Forum Replies Created

Viewing 15 posts - 16 through 30 (of 32 total)
  • Author
    Posts
  • Findecanor
    Participant
    Post count: 36

    I’ve been following CHERI too for a while… and I would say: not similar at all.

    I think the article you linked to is all over the place. Let me summarise:
    CHERI has tagged memory and “capabilities” on top of ARM/MIPS/RISC-V’s traditional paging. Each memory address is tagged to tell if it contains a “capability” (address, upper bound, protection bits) or regular data. Capabilities are used as pointers, but each memory access using one is bounds-checked and checked for privilege (read/write/execute). The tags are stored in separate memory areas instead of in a special bit in 9-bit bytes (which is what historic capability hardware did) — this makes it possible to use off-the-shelf DRAM, and traditional OS’es with only small modifications, with one address space per process as usual.

    What this does in practice is adding bounds-checking to C/C++ programs, requiring only a recompile instead of having to be rewritten in a properly type-safe, memory-safe language.
    Temporal safety (protection against dangling pointers) needs a system or kernel service similar to a garbage collector though, and the overhead is not negligible.

    In particular they mentioned that their capabilities system makes it safe to run everything in one address space and this makes it possible to get speed ups from avoiding context switches.

    I think they mean that CHERI reduces the need to break up a program into multiple isolated processes (a type of “compartmentalisation”) to achieve better security, which is how e.g.

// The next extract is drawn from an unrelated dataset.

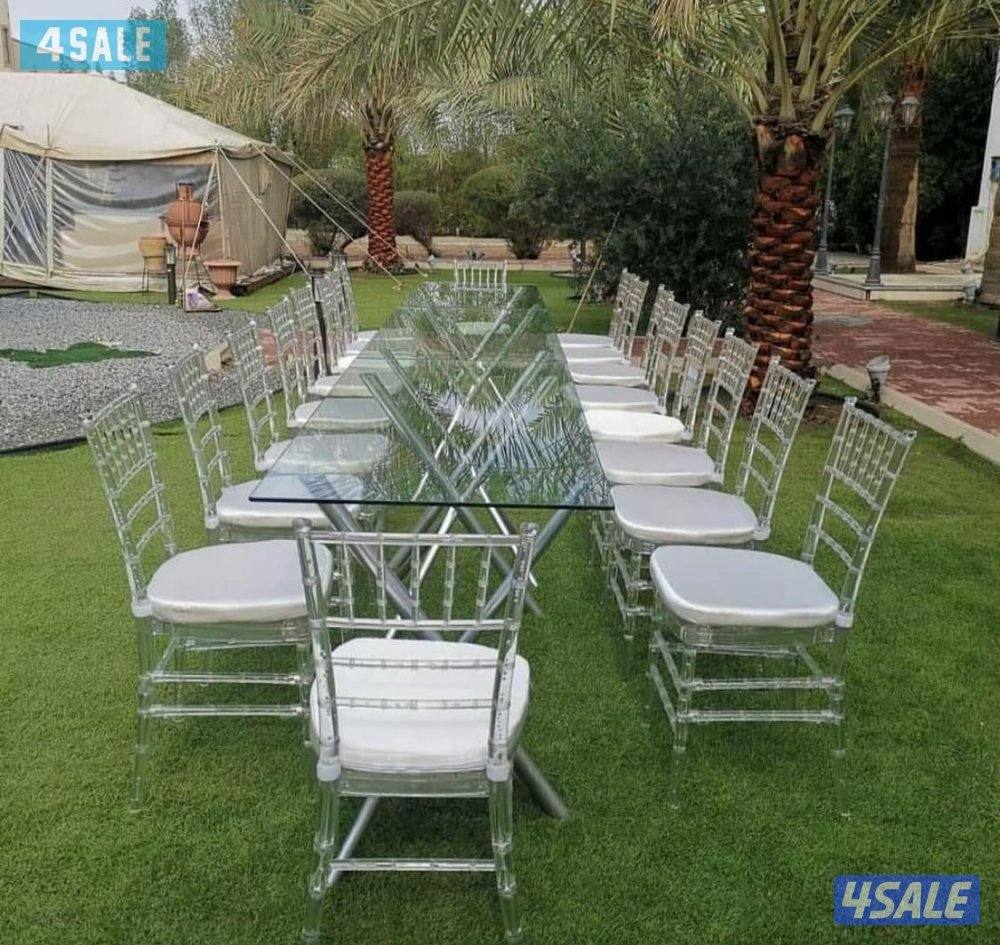 تأجير جميع مستلزمات الأفراح والمناسبات باقل الأسعار6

Chrome (and web browsers based on it) are designed.
    So far, I’ve not seen any paper about using CHERI instead of the protection offered by traditional paging with protection but I’m sure that would be possible, and that is something that historic systems did.

    What (I got the impression that) The Mill does is to put all programs in the same address range, but not in the same protection domain. Protection is decoupled from paging. I’d think that a Unix-like system on The Mill would work largely the same as on other hardware just that the memory layout inside each process would not overlap that of any other process (except for shared objects).
    The Mill does have fine-grained address ranges, and support revocation so that it would be feasible to temporarily pass access to individual objects in a Portal call instead of sharing full pages like on other hardware. Revocation in the capability model can get complex and expensive, and I think that this in CHERI would also require a service scheme such as with dangling pointers.

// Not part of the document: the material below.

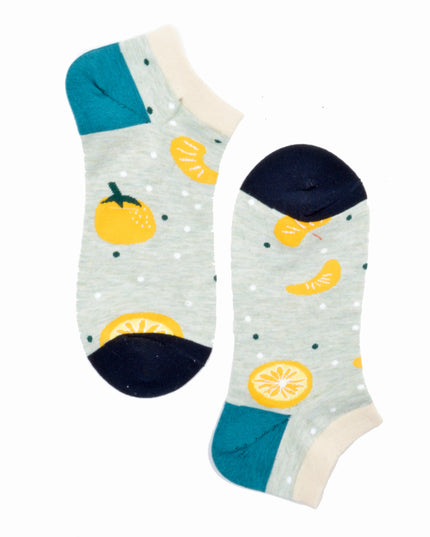 Chaussettes de Noël amusantes en mandarin Zokni pour adultes et enfants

    • This reply was modified 3 years, 3 months ago by  Findecanor.
    • This reply was modified 3 years, 3 months ago by  Findecanor.
    • This reply was modified 3 years, 3 months ago by  Findecanor.
  • Findecanor
    Participant
    Post count: 36

    I believe that the most important property that a virtual ISA such as WebAssembly (or JVM, CLR, …) would have for cloud application developers is not to remove the need to recompile but to remove the need to test the code on each type of hardware that it is supposed to be deployed on. This determinism is something that has hitherto not been available for C/C++ developers.
    If WebAssembly/WASI would develop in the right direction, I think that it would not pose a threat but rather help to reduce the cost of adopting new types of hardware, which would allow them to better compete on just such aspects such as performance/Watt where The Mill would excel.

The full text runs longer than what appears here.